Robin Myers
Habré tenido siete, tal vez ocho,
porque podía despertarme en lo que entonces creía
que era el medio de la noche
y salir de la cama y encontrar a mis padres
en la sala viviendo el resto de sus vidas,
doblando ropa, riéndose con la radio,
discutiendo, sirviéndole vino a un invitado.
Había soñado que ellos se morían.
Los encontré cenando.
Había una vela. Hablaban en voz baja.
Cuando me vio, mamá no me regañó,
sino que me abrazó y me sirvió en un plato
un poco de la comida de ellos, y me sentó
a su mesa, lo que me hizo sentir
viejo, raro, invitado.
No me atrevía a confesarles
que había soñado que ellos ya no estaban, así que en cambio
les conté, entre lágrimas, que había soñado
con mi propia muerte. Ellos me escuchaban.
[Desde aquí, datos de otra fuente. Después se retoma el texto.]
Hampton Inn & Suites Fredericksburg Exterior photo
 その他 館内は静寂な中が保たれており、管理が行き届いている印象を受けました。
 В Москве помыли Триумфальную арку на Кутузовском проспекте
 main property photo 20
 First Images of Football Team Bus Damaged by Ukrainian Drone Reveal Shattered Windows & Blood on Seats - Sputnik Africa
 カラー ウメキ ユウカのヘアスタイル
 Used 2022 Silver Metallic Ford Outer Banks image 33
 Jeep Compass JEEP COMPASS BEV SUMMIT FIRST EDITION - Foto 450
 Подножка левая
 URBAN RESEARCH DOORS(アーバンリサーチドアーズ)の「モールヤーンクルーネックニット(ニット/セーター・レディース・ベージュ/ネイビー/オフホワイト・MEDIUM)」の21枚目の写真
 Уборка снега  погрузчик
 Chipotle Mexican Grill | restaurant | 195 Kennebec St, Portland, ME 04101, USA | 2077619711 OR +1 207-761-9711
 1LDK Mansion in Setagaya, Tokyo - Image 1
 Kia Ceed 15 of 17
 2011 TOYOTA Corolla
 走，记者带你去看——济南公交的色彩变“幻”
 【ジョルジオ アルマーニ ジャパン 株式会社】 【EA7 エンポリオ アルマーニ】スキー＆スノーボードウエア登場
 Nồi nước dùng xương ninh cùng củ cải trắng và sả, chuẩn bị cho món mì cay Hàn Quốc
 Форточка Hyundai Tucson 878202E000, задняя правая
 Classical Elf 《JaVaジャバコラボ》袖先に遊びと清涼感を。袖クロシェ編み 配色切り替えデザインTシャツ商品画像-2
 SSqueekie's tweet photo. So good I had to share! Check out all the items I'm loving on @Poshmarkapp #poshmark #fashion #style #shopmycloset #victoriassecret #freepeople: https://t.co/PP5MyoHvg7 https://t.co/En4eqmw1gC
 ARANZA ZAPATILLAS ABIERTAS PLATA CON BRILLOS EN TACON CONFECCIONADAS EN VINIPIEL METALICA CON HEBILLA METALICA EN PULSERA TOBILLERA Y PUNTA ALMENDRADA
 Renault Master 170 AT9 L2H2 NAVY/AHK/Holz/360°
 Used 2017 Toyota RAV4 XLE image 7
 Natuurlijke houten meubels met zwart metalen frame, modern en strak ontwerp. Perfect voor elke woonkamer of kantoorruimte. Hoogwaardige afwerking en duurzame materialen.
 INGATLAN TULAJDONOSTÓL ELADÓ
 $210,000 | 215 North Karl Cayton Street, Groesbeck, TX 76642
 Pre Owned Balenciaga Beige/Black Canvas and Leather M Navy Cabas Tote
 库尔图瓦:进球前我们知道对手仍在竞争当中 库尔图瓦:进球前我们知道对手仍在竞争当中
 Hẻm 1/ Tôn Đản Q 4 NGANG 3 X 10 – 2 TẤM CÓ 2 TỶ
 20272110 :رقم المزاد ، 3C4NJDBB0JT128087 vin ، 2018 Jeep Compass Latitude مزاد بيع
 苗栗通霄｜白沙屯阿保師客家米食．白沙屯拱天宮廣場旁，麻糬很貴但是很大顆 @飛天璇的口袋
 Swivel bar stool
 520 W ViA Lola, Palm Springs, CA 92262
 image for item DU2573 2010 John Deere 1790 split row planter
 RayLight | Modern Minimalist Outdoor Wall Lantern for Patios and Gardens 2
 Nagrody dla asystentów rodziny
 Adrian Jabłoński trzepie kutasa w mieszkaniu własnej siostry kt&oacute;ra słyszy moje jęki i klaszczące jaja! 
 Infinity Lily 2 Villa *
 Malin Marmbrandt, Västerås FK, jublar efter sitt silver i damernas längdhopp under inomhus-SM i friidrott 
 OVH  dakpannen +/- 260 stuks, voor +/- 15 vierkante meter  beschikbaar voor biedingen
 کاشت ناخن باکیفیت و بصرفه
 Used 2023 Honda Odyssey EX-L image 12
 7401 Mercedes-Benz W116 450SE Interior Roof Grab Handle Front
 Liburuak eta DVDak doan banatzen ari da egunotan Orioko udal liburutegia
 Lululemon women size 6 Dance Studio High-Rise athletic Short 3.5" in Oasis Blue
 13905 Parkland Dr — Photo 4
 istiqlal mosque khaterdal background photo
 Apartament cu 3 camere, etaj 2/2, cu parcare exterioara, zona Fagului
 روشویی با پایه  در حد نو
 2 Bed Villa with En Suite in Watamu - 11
Yo tenía siete años y tenía un ataque de desesperanza,
y estaba enamorado del consuelo que buscaba, y tenía la suerte
de recibirlo.
Me acuerdo que les pregunté, llorando,
¿Si yo me muero, vosotros igualmente estaréis bien?
Y mi madre lloró también, y dijo,
Sí, se nos rompería el corazón
pero estaríamos bien.
No me acuerdo de haber vuelto a dormir.